Dans une ambiance bucolique, deux sœurs se retrouvent après la mort brutale de leur mère. Lily est un petit cyclone humain d’une bonne vingtaine d’années, qui virevolte en godillots et en jupe courte, suce son pouce et joue comme une enfant dans sa baignoire, tout en affichant une sexualité débridée. En osmose avec la nature, elle habille la forêt environnante d’objets de son invention et pratique avec gaieté la taxidermie, sans considérer le fait de faire des slips en fourrure ou d’empailler des queues de chats écrasés comme anormal, bien au contraire. Si Lily la dingue fourmille d’idées plus exubérantes les unes que les autres, Clara est une citadine comme on en croise tout les jours : classique, elle a fait les bonnes études, s’est mariée avec la bonne personne, et partage sa vie entre son quatre pièces et son bureau d’avocate. Les deux sœurs, que tout oppose, vont donc se confronter pour mieux se comprendre et se retrouver enfin.

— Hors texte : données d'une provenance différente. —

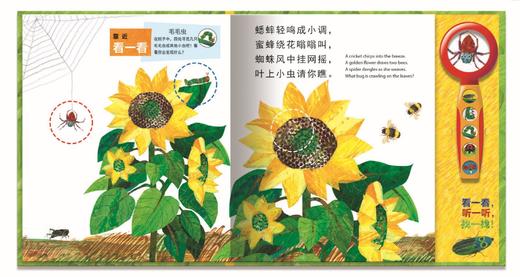 带有3倍放大镜的有声书《你发现了什么？》艾瑞克•卡尔特别定制 商品图1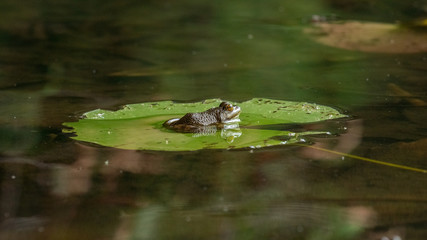 frog in pond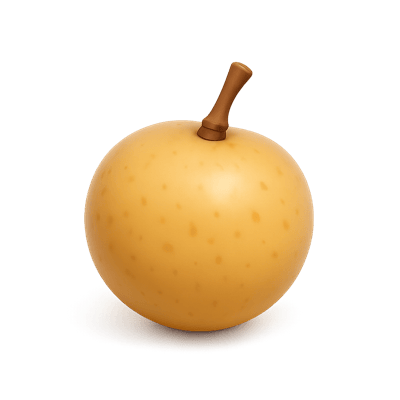 Icon of Longan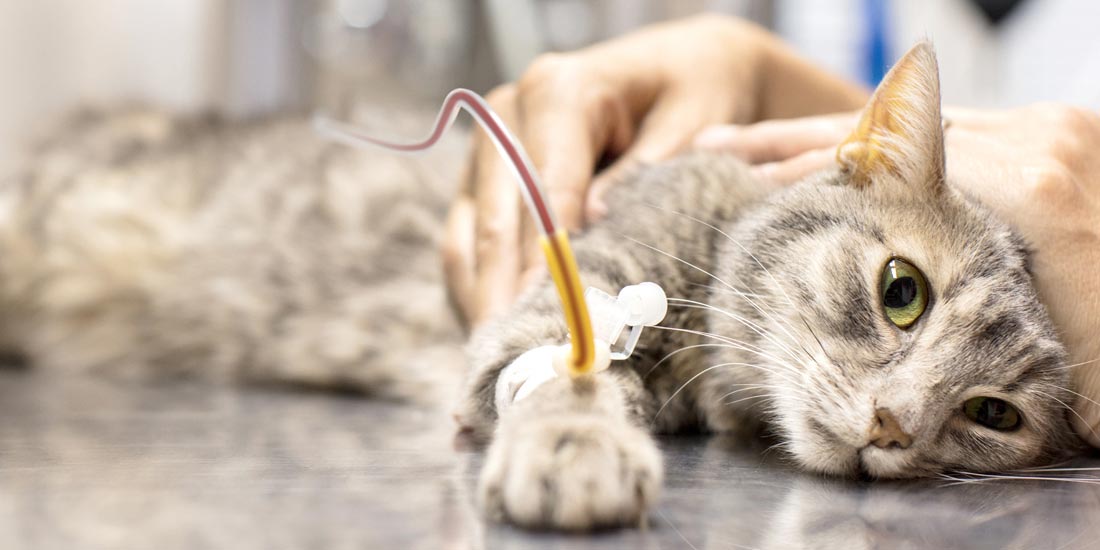 exame-categoria-banco-de-sangue-total-refrigerado-felino-laboratorio-veterinario-vetex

C’est ainsi qu’au contact de Lily et de sa franchise presque enfantine, l’apparente maîtrise de Clara ne cesse de se fissurer, témoignant d’une certaine lucidité de la part de sa sœur malgré sa folie manifeste. Ce changement peut sembler à première vue étrange, car nous comprenons souvent les prises de positions de l’aînée qui nous semble raisonnable. Cependant, cette transformation dévoile une jeune femme plus détendue et heureuse, ce qui pose la question de la raison et de la normalité. Pourquoi avons-nous posé des limites, en quoi sont-elles légitimes? Il s’avère au cours du film que le père des deux sœurs s’est pendu dans la cabane du jardin, là où Lily a ensuite installé son atelier. Clara, pourtant la plus « sensée », refuse d’y remettre les pieds, tandis que Lily, pour se souvenir du drame, a pendu un ours en peluche à la place de son père. Un tel comportement nous semble anormal, voir sinistre, mais force est de constater que si Lily a fait face à son deuil, Clara en est incapable. Où se situe donc la fragile frontière entre normalité et anormalité?
Elle qui a toujours dû assurer son rôle de grande sœur modèle pour compenser la différence de sa cadette, Clara se laisse ainsi gagner par la douce folie de cette dernière et finit par entrer dans son univers, en lui proposant à la fin du film de vendre des pantoufles de fourrures et des confitures dans un camion sur le bord de la route.
Nous savons pertinemment que cette alternative est peu vraisemblable et qu’elle ne tiendra pas au long terme, mais ce n’est pas là son but : nous nous laissons emporter dans ce fantasme, parce qu’il est sans doute aussi un peu le notre, vivre libre et heureux, sans s’enfermer dans des valeurs comme la réussite professionnelle ou le gain d’argent que nous inculque notre société. Nous avons envie d’y croire, peut-être parce que cela fonctionne comme une catharsis au théâtre, c’est-à-dire libère les passions des spectateurs en les exprimant sur scène, de manière à ce qu’ils n’aient plus besoin de les exprimer dans la société.
Le film peut ainsi paraître naïf au premier abord, mais il garde cependant sa part de violence, en évoquant les dangers d’une telle différence et des réactions qu’elle provoque, pour nous ramener partiellement à la réalité. Ce pourrait d’ailleurs être un drame, avec quelques scènes où ces dangers apparaissent -au moment où Lily invite une bande d’hommes louches à venir séjourner chez elles par exemple-, mais les épisodes effrayants ne finissent jamais mal comme ils pourraient le faire dans la vie réelle : les deux sœurs s’en sortent toujours, gardant un équilibre constant entre émotion, rire et malaise.
La vie selon Lily est en effet discutable, et sa vision de la sexualité peut en déranger plus d’un ; mais si nous ne sommes pas forcément d’accord avec ses idées, ce personnage a le mérite de remettre en question nos certitudes et nos préjugés. Sa franchise à toute épreuve apporte en plus une touche d’humour cinglant au film, et ne serait-ce que son univers esthétique vaut le détour.
En sortant du cinéma, il nous en reste donc un tourbillon de couleurs dans la tête, et une indiscutable envie de lâcher prise, juste un peu, pour caresser le bonheur qu’elle semble côtoyer, la brise dans les cheveux et le soleil sur la peau.